A pergunta que não quer calar foi feita pelo cônego Bernardino: “Por que o jacaré, feroz e terrível para com o homem, é covarde e pusilânime em relação à onça?”.

Que o pato da FIESP fique calado, é compreensível. Afinal, seu presidente, Paulo Skaf, onça pintada (PMDB vixe vixe), recebeu 6 milhões, segundo delações da Odebrecht. Ele não protestava contra a corrupção, apenas manobrava para afastar do poder quem havia sido eleita pelo voto popular. Mas cadê aqueles paneleiros, muitos deles sinceros, tão combativos e ferozes contra a corrupção, e agora enrabados, humilhados e acovardados  como o jacaré?

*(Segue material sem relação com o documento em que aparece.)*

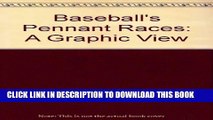 [PDF] Baseball s Pennant Races: A Graphic View [Full Ebook]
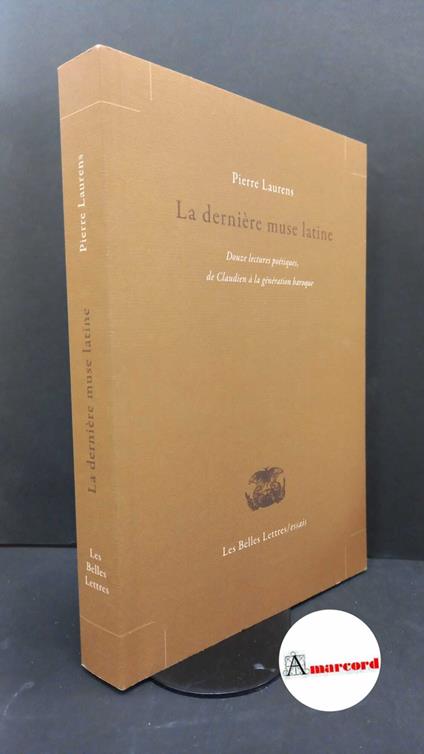 Laurens, Pierre. La derniere muse latine : douze lectures poetiques, de Claudien à la generation baroque. Paris Les Belles Lettres, 2008 - Pierre Laurens - copertina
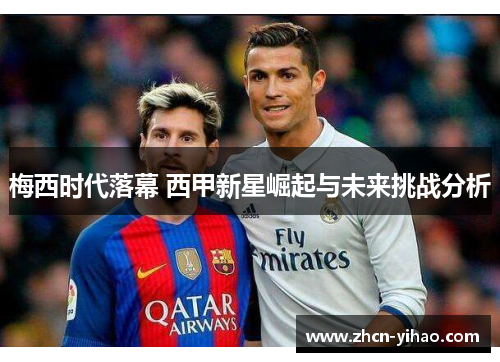 梅西时代落幕 西甲新星崛起与未来挑战分析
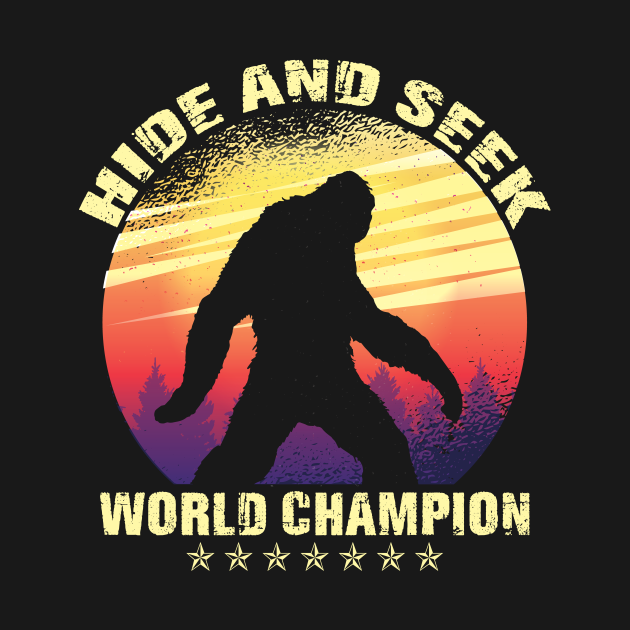 Hide And Seek World Champion Shirt Bigfoot Is Real Funny Hide And Seek World Champion T 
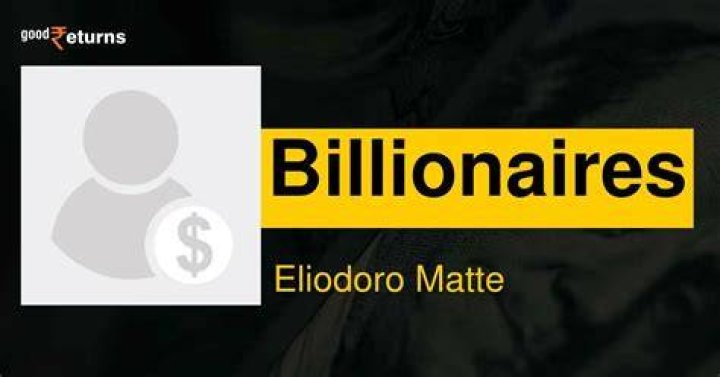 Eliodoro Matte Net Worth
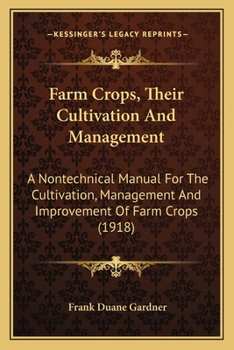 Paperback Farm Crops, Their Cultivation And Management: A Nontechnical Manual For The Cultivation, Management And Improvement Of Farm Crops (1918) Book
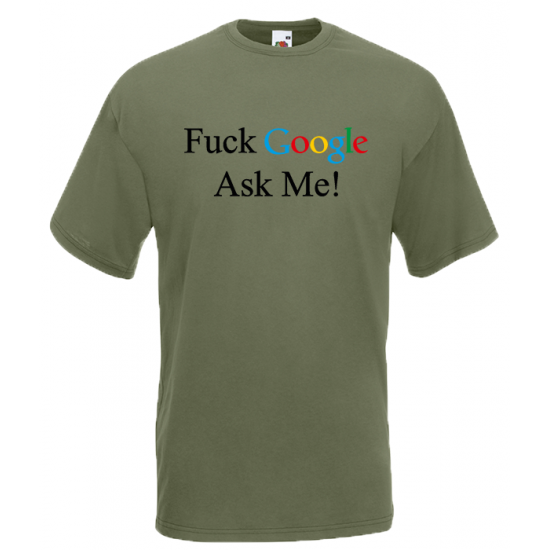 F@ck Google Ask Me T-Shirt with print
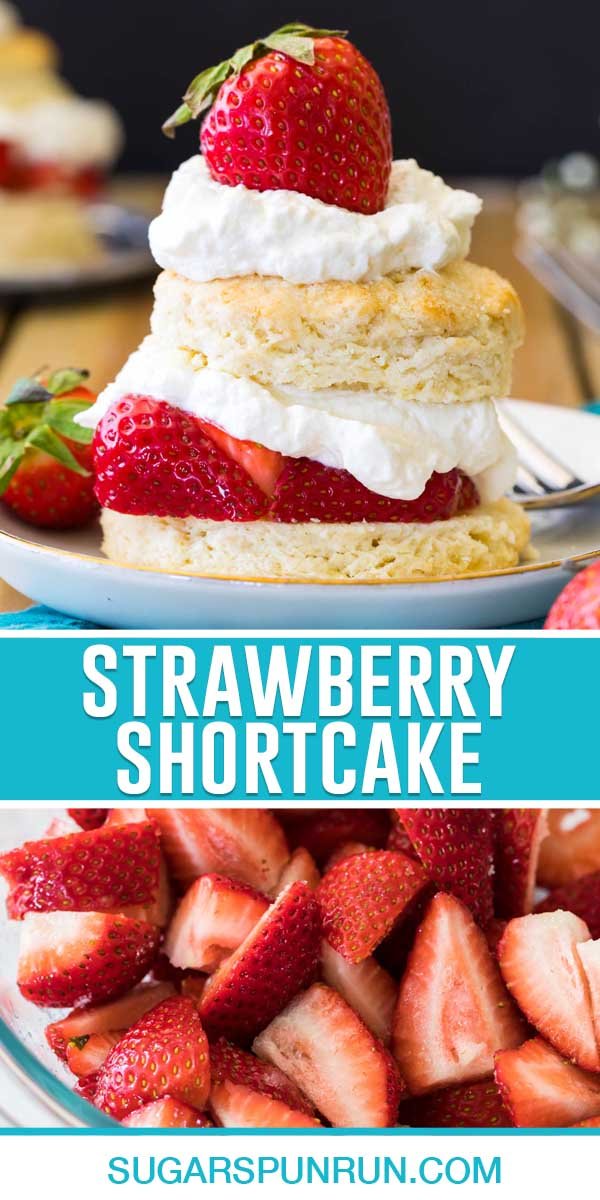 collage of strawberry shortcake, top image is of it assembled, bottom image is of bowl of sliced strawberries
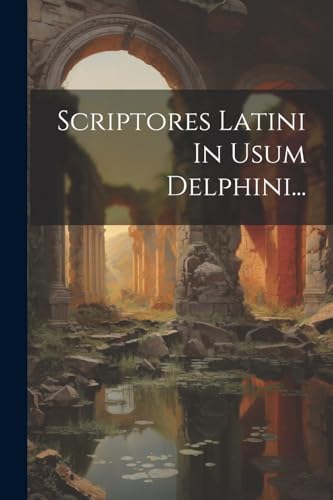 Imagen de archivo de Scriptores Latini In Usum Delphini. a la venta por PBShop.store US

Cadê o esgoto verde enferrujado do Jornal Nacional que manifestava indignação, alimentando os ruídos das panelas? Mas, o que é mais grave, por que nós, que não batíamos panelas por perceber a manobra golpista, agora estamos calados diante de tantos desmandos? O que nos impede de bater panelas? O que nos paralisa? Por que deixamos, passíveis, que comam a nossa cauda?

Alguns amigos paraenses, a terra dos jacarés, esboçaram uma reação promovendo o escracho contra a dilapidação do patrimônio público. Criaram no facebook um grupo chamado M.E.R.D.A. – Movimento de Erradicação da Roubalheiras das Autoridades. O mais importante é que em 125 cidades, incluindo 25 capitais, no dia 15 de março, o jacaré começou a arreganhar os dentes, o que foi relativizado pelos principais telejornais..

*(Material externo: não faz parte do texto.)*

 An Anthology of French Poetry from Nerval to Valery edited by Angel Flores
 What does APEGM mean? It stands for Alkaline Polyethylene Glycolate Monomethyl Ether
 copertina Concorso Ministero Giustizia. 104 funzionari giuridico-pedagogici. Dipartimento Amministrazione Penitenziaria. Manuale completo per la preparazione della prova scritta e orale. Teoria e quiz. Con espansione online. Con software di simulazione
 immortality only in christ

A passividade agora está com os dias contados? Até os índios Guarani-Kaiowá protestaram, fechando a rodovia estadual na altura da Aldeia de Amambai (MS), da mesma forma que os Kaingang da Terra Indígena Campo do Meio (RS). Embora o esgoto enferrujado tenha tentado minimizar manifestações de protestos contra a reforma da Previdência, elas uniram muitos ex-paneleiros, que estavam a favor do “impeachment” de Dilma e os anti-paneleiros que eram contra o “golpe”. Sem o respeito mútuo entre os dois grupos, a onça vai jantar nosso rabo. O jacaré começa a reagir?

P.S. – Para três irmãs minhas que aniversariam esse mês: Ângela (8), Teca (15) e Preta (19), as três contra a reforma da Previdência e a favor da reforma da Presidência. Babá, o La Fontaine Baré, tem a quem puxar.